RIO DE JANEIRO, BRAZIL – Bolivia began the 20th century with the defeat of several wars that ended with the loss of much of its territory – and its access to the sea – to Brazil and Chile. Between 1932 and 1935, in the Chaco War, Paraguay stripped Bolivia of another 450,000 square kilometers approximately.

As a result of the continental encirclement, the disastrous outcome of the confrontation with Paraguay and the semi-feudal conditions for the peasants and workers in the tin mines, the country’s main product after the silver of colonial times, the Bolivian people were discontented. Political instability was on the rise.

With local elections coming up on April 11th and its former interim president Jeanine Áñez in prison, Bolivia is trying to emerge from yet another of the crises that have characterized its turbulent political and social history over the last century. (Photo internet reproduction)

The convulsive panorama was a breeding ground for the hero of the Chaco War, the military man Germán Busch, to carry out a coup d’état in 1935. Busch became dictator in 1938 and ruled Bolivia until 1952.

After 17 years of authoritarian rule, Bolivia was shaken in 1952 with the outbreak of its National Revolution, led by the Nationalist Revolutionary Movement, a movement with support from the middle class, mining and indigenous-peasant sectors.

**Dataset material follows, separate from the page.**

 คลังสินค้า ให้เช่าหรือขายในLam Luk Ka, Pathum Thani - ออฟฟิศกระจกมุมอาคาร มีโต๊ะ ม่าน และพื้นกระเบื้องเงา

The Nationalist Revolutionary Movement led Bolivia into a period of social progress and political modernization after so many lost battles and decades of instability. Under popular pressure, the state – led by four-time president Víctor Paz Estenssoro – introduced universal suffrage and nationalized the tin mines. It also launched an agrarian reform that expropriated semi-feudal landowners, distributed land more fairly among indigenous people and peasants, and promoted rural education.

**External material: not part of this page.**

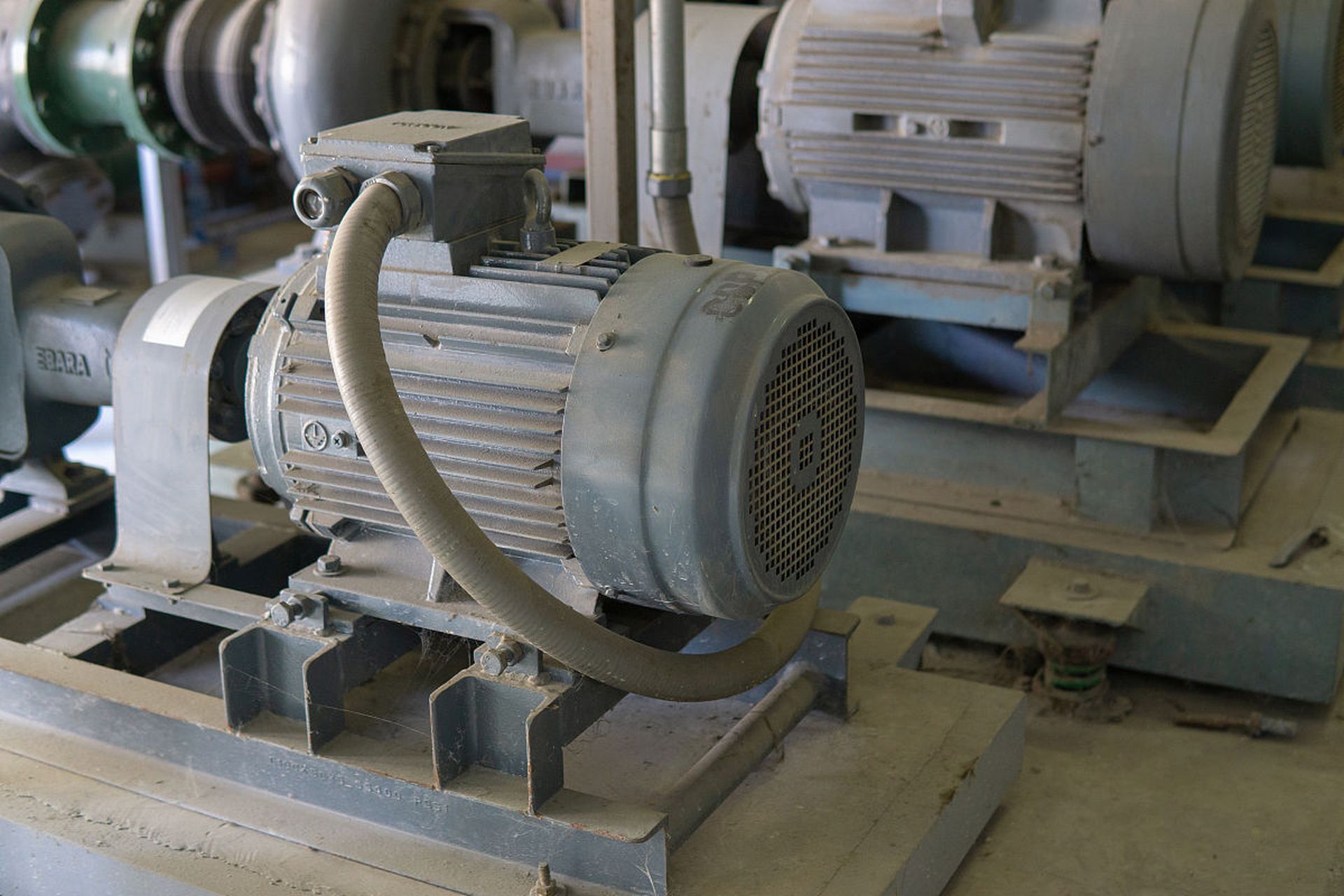 三相鼠笼异步电动机的降压启动方法包括全压启动,降压启动,星形-三角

Read: Coup or fraud: Bolivia, more polarized than ever

In the mid-1960s, Bolivia began a cycle of military dictatorships.

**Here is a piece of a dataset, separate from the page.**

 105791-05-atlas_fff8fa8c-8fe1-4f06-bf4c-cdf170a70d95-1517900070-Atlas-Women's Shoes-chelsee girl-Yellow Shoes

In 1964 another coup d’état put an end to the revolutionary period. Bolivia entered a new stage of military dictatorships, divided into intermittent governments of René Barrientos and Alfredo Ovando.

This new period of dictatorships attracted foreign investment to privatize the mining sector, which boosted the development of the economy, thanks in large part to the high prices of tin in international markets. A new coup d’état occurred in 1971, led by Colonel Hugo Banzer. In his seven years at the helm, Banzer was much more repressive than his predecessors, to the point of suppressing the workers’ movement, stripping it of its civil rights and militarizing the country’s mines.

Between 1932 and 1935, in the Chaco War, Paraguay stripped Bolivia of another 450,000 square kilometers approximately. (Photo internet reproduction)

Banzer resigned in 1978, pressured by a long hunger strike of women miners and by the opposition that accused him of corruption, repression and of having contracted an enormous foreign debt.

He was replaced by a military junta that remained in power for four years before being overthrown in 1982. In that year, Bolivia began a series of democratic governments in the midst of a severe economic crisis. It should be recalled that by 1984, Bolivia was suffering from hyperinflation of over 20,000 % per year, largely due to deep international indebtedness. This crisis led in 1985 to the reelection of former President Victor Paz Estenssoro, who in a matter of months reversed the inflationary rise with drastic neoliberal reforms.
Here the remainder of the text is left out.